Without notes, Yockey wrote his first book, Imperium: The Philosophy of History and Politics, in Brittas Bay, Ireland, over the winter and early spring of 1948. Imperium is a Spenglerian critique of 19th century materialism and rationalism that scorns democracy and equality, extols Nazism, and blames Jews for various problems. It subscribes to Spengler's suggestion that Germany had been destined to fulfil the 'Roman' role in Western Civilization by uniting all its states into one empire. It is dedicated to "the hero of the Second World War", intended to describe Adolf Hitler.Theodore J. O'Keefe of the Journal of Historical Review makes this assertion in his review of Kevin Coggan's 1999 study of Yockey. According to the late Doris Foster Lessard, a historian for many years in Ludington, Michigan, this information about Imperium was apparently known to Ludington residents of Yockey's parents' social circle. In an early example of Holocaust denial, it also claims that the Nazis' gas chambers were faked, even though in private Yockey praised the Holocaust against the Jews. Yockey mailed copies of Imperium to far-right figures in Europe and America. Views expressed in it were endorsed by former Nazi General Otto Remer (who had been Hitler's bodyguard); the American Revilo P. Oliver; and Italian esotericist Julius Evola.

Yockey became embittered with Sir Oswald Mosley (Hitler's leading British proponent) after the latter refused to publish or review Imperium upon its completion, after having promised to do so. Mosley punched Yockey in the nose during a dispute in London's Hyde Park. With a small group of British fascists including the former Mosleyites Guy Chesham and John Gannon, Yockey formed the European Liberation Front (ELF) in 1948–49. The ELF formed ties with old Nazis along with other fascists. It issued a newsletter, Frontfighter, and in 1949 published Yockey's virulent anti-American, anti-communist and anti-semitic text The Proclamation of London, which called for a reinstatement of Nazism and the expulsion of the Jews (whom it labeled "the Culture-distorter") from Europe. The ELF was opposed by other neo-fascist groups and essentially disappeared by 1954 due to members being alienated by Yockey's imperious personality.

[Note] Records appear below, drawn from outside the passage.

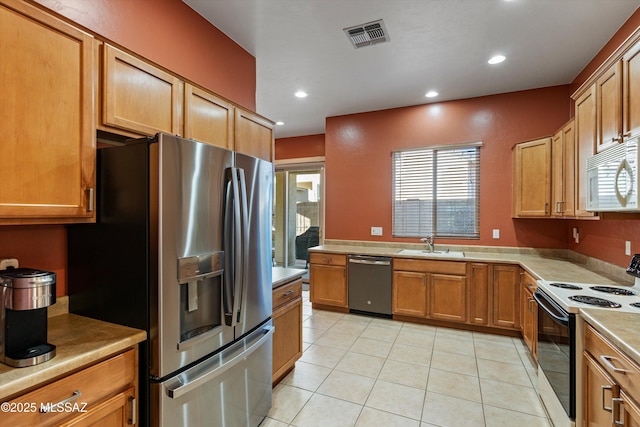 kitchen with light tile patterned flooring, appliances with stainless steel finishes, and sink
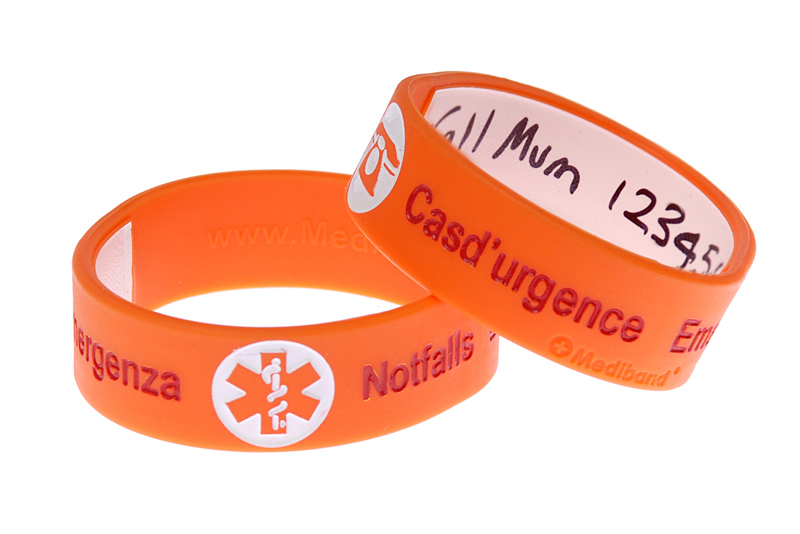 Child wearing orange write-on travel ID bracelet for safe travel with kids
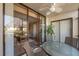 Outdoor patio with seating area overlooking the living room with sliding glass doors to enjoy the view at 4330 47Th W Ave # 104, Bradenton, FL 34210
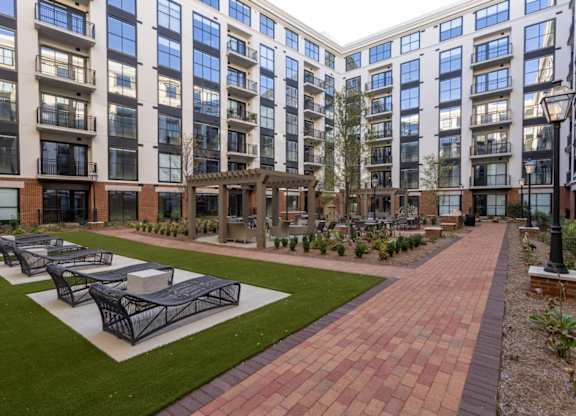 A courtyard with pergola, grilling station, and seating at 2020 Providence in Huntsville, AL.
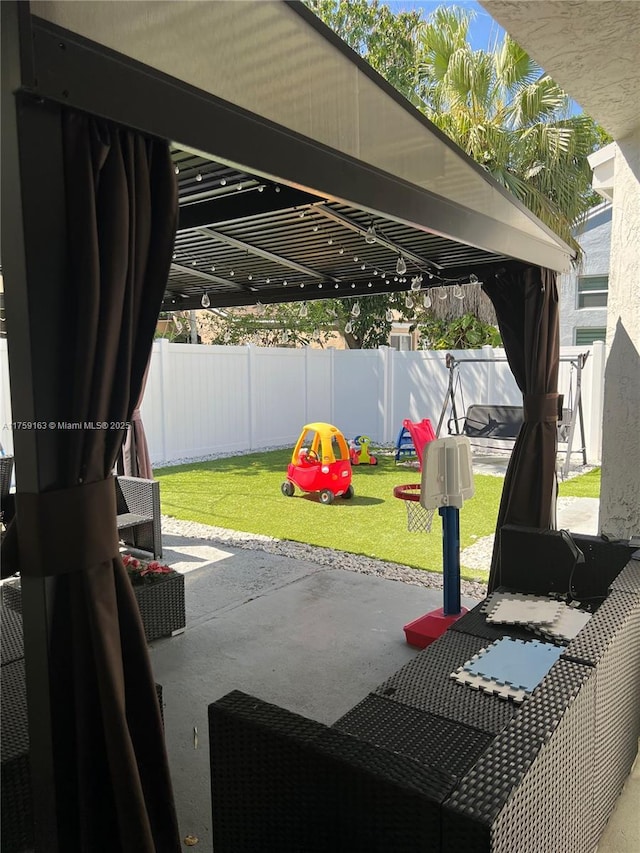 view of patio with a fenced backyard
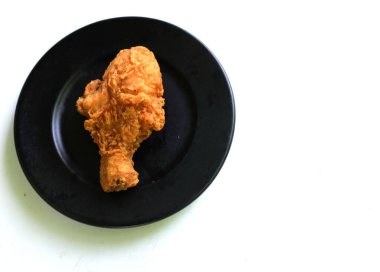 Sulu ve lezzetli tavuk budu ya da kızarmış tavuk budu, kızarmış tavuk budu ahşap bir kapta kızarmış tavuk bacağı siyah bir arka planda izole edilmiş.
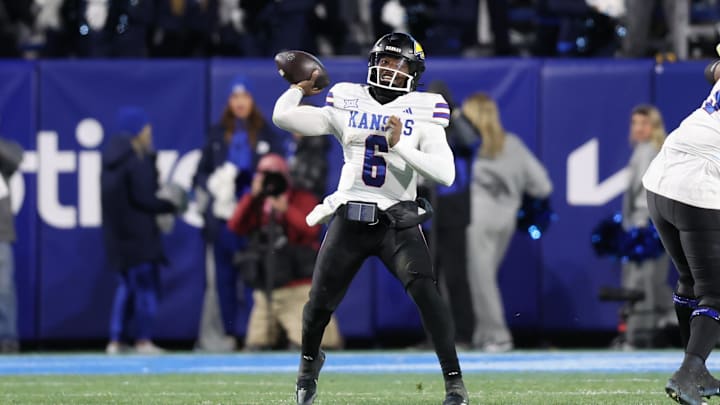 Nov 16, 2024; Provo, Utah, USA; Kansas Jayhawks quarterback Jalon Daniels (6) passes the ball against the Kansas Jayhawks during the fourth quarter at LaVell Edwards Stadium. Mandatory Credit: Rob Gray-Imagn Images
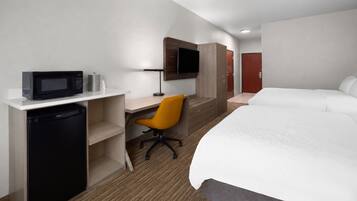 Une chambre d’hôtel comprenant un lit, un bureau avec un micro-ondes, une chaise et un téléviseur.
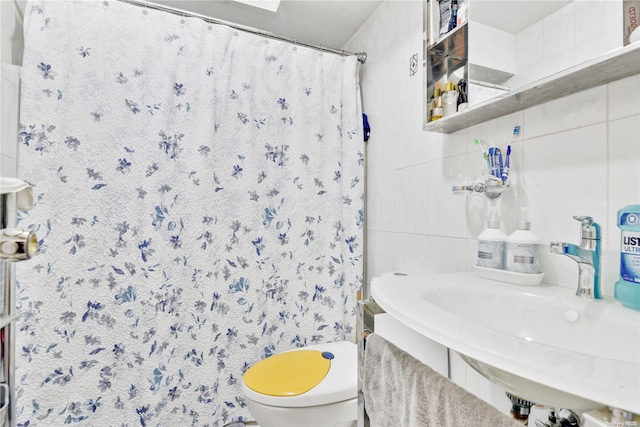 bathroom featuring sink, curtained shower, toilet, and tile walls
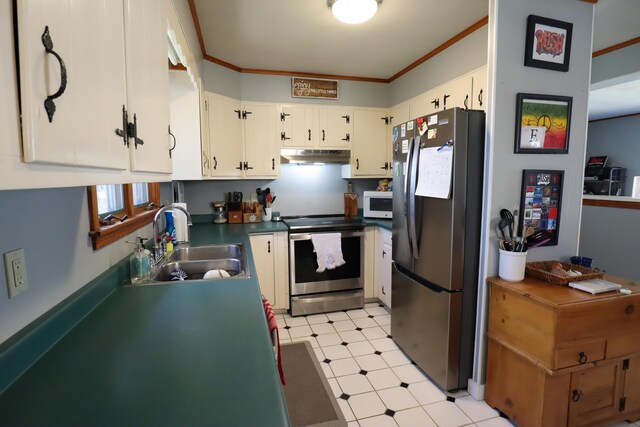 kitchen featuring stainless steel appliances, a sink, light floors, under cabinet range hood, and ornamental molding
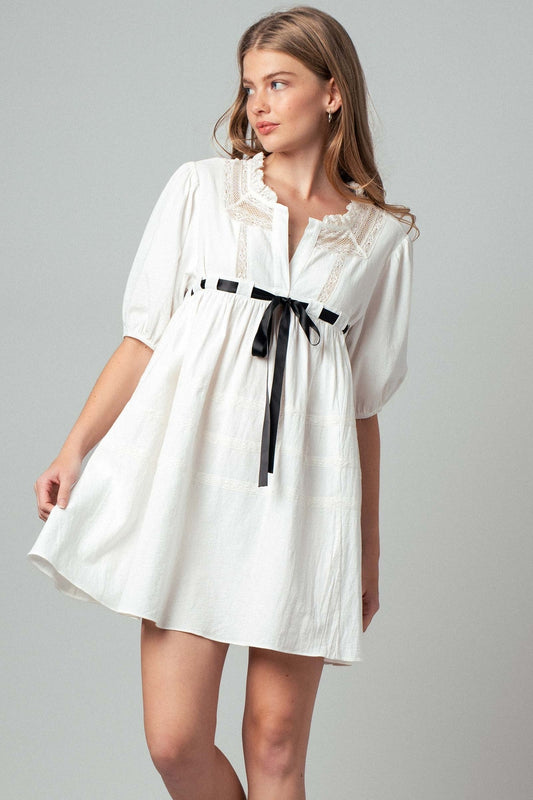 Woman wearing a white dress with a black belt on a gray background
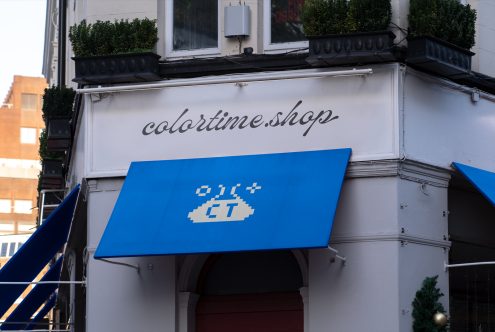 Exterior storefront mockup with signage, blue awning featuring pixel design, suitable for branding and retail design visuals.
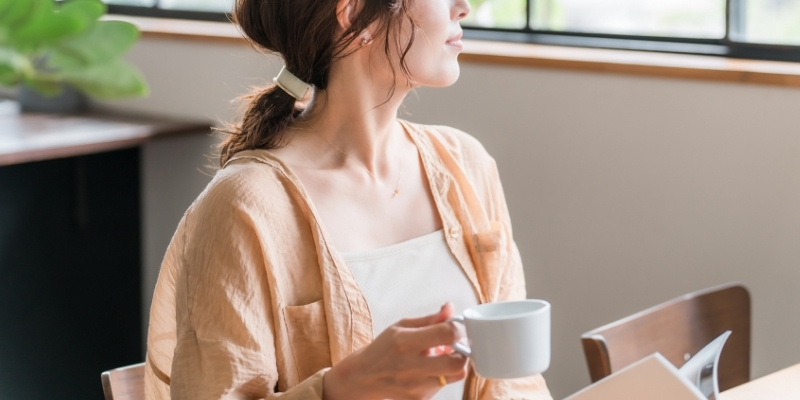 カフェでコーヒーを飲みながら、本を片手に外を眺めている女性の写真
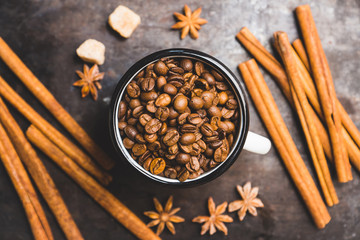 Metal cup full of coffee beans. Selective focus. Shallow depth of field.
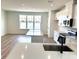 Bright kitchen features white cabinets, stainless appliances, a kitchen island, and wood floors at 15125 Grove Lake Dr, Winter Garden, FL 34787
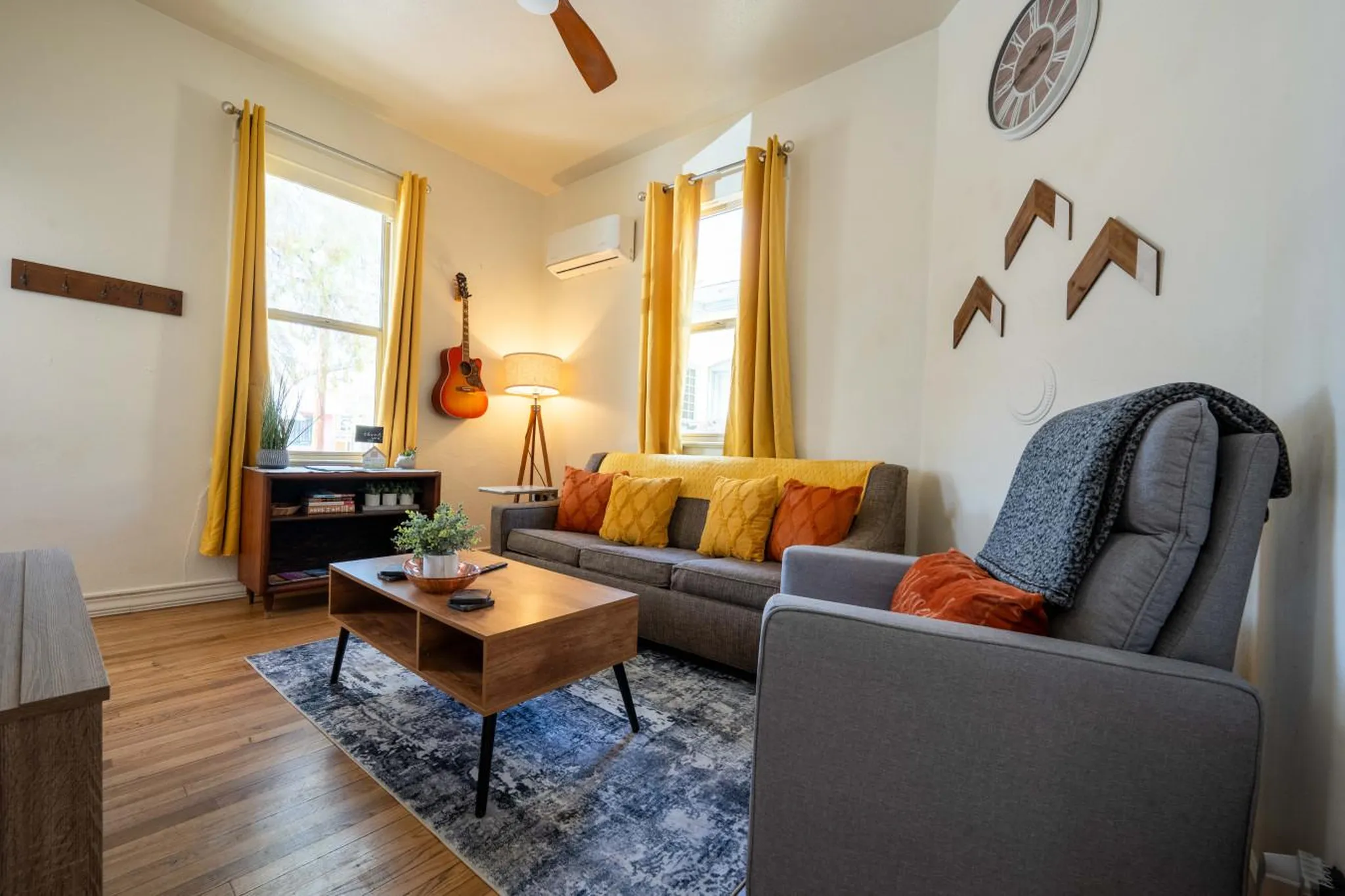A living room with a gray sofa, wooden coffee table, and a guitar hanging on the wall.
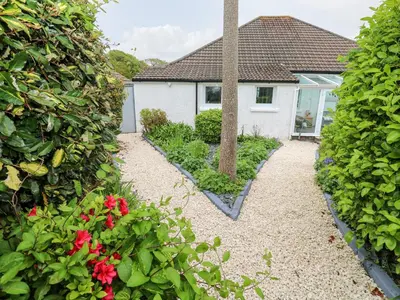 a garden with a cross in front of a house at Robin Hill in St Austell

Declassified FBI files show that Yockey traveled to Los Angeles, San Francisco, and New York to collaborate with ultra-right activists, while eluding FBI agents who sought to question him. As a fugitive he spoke at the 1950 Christian Nationalist Party convention in Los Angeles organized by Gerald L. K. Smith. He also spent time in New Orleans writing propaganda for use in Latin America. His intercepted letters to other fascists in the 1950s were often signed "Torquemada" after the torturer of the Spanish Inquisition. 

Yockey was approached by the group around the anti-Communist Senator Joseph McCarthy in 1951. He was asked to ghost-write a speech for McCarthy which stressed the importance of greater friendship between Germany and the United States, although McCarthy never delivered it as the theme of the speech, when it was announced, aroused a great deal of controversy. 
 
Yockey collaborated with Soviet bloc intelligence, traveled behind the Iron Curtain, and was suspected of visiting East Germany, the Soviet Union and Cuba. He wrote with approval of antisemitic purges in the Eastern bloc countries. In late 1952, he traveled to Prague and witnessed the Prague Trials, and asserted that they "foretold a Russian break with Jewry". He became a Czech Secret Service courier.

Yockey met Egyptian President Gamal Abdel Nasser, whom he called "a great and vigorous man", in Cairo in 1953. He worked briefly for the Egyptian Information Ministry, writing anti-Zionist propaganda. In the Arab world, he made contact with Nazi exiles including Otto Ernst Remer and Johann von Leers. Yockey reportedly tried to persuade Nasser to finance development of a cobalt bomb by ex-Nazi scientists.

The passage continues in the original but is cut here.